Furthermore, Nigerians may also value larger body sizes for men, and it remains uncertain whether the results from my study apply to men too. Nigeria is also a large country, and there may be within-country variation in the sociocultural and contextual variables that might explain my results. However, data were not available to assess sociocultural norms, values, and pressures that encourage larger body size, limiting my ability to assess the extent to which these factors explain my results. This points to a need to obtain such data and perform additional heterogeneity analyses in future studies.
Finally, my findings may be particular to the Nigerian context (Brink 1989; Oe 2009). Several studies have suggested that larger body sizes are culturally valued in other LMICs and have identified a positive association between schooling and overweight/obesity (Dinsa et al. 2012; Neupane et al. 2015). My findings may also apply to those contexts. More research is nevertheless necessary to assess the generalizability of my results.

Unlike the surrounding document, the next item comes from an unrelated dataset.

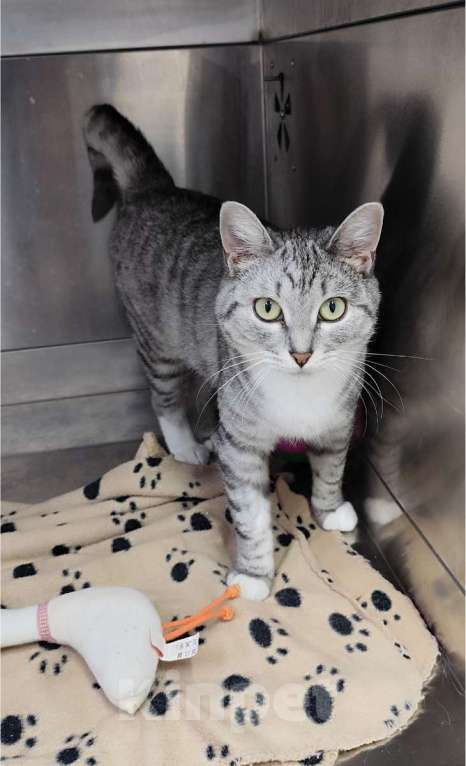 Кошки в Москве: Молодая кошечка Туся в самые добрые руки! Девочка, Бесплатно - фото 3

These limitations notwithstanding, this study identified that each additional year of schooling was not causally associated with a change in women's overweight or obesity risk in Nigeria. The contrast between this finding and previous results from HICs suggests that contextual factors may play an important role in calibrating the effect of schooling on women's overweight and obesity in different countries and contribute to a null effect in the case of Nigeria. Furthermore, these results suggest that correlational studies are confounded by unobserved variation and thus overestimate the causal effect of schooling on overweight and obesity in Nigeria. This calls into question the causal nature of positive associations identified in other contexts and demonstrates the need for more robust quasi-experimental research to examine the effect of schooling on overweight and obesity in LMICs.
I thank Liliana Andriano, Veronica Toffolutti, Cristina Golomoz, Elisabetta de Cao, and three anonymous referees for their helpful guidance and comments on an earlier version of this paper.
Grade repetition may imply that the conversion to years of schooling from an individual’s educational level and the country-specific measures of the number of years of schooling typically required to complete that level could underestimate an individual’s actual number of years of attendance. One alternative strategy is to label this variable grades of schooling. However, this does not resolve issues associated with grade repetition because the conversion to an individual’s school grade from information about the number of years at the highest level attended could overestimate an individual’s highest grade if they repeated a grade. Furthermore, grades has an ambiguous meaning in a non-U.S. context, where it can also refer to a score on a test.